■ Problem requirements
Word for word, repeat the data that follows. Do not include the pictures.

■ Raw data
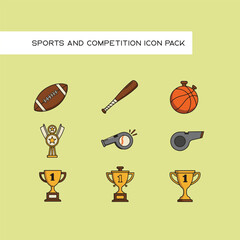 Sports & Competition Icon Pack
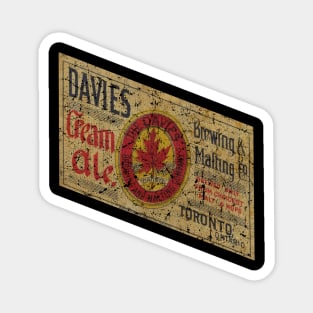 davies beer Magnet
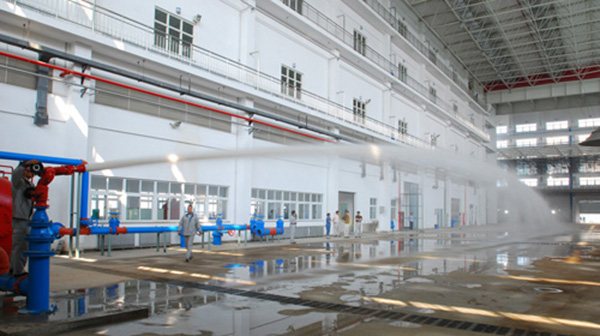 国家固定灭火系统和耐火构件质量检验检测中心(天津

■ Solution to the problem
 Sports & Competition Icon Pack
 davies beer Magnet
 国家固定灭火系统和耐火构件质量检验检测中心(天津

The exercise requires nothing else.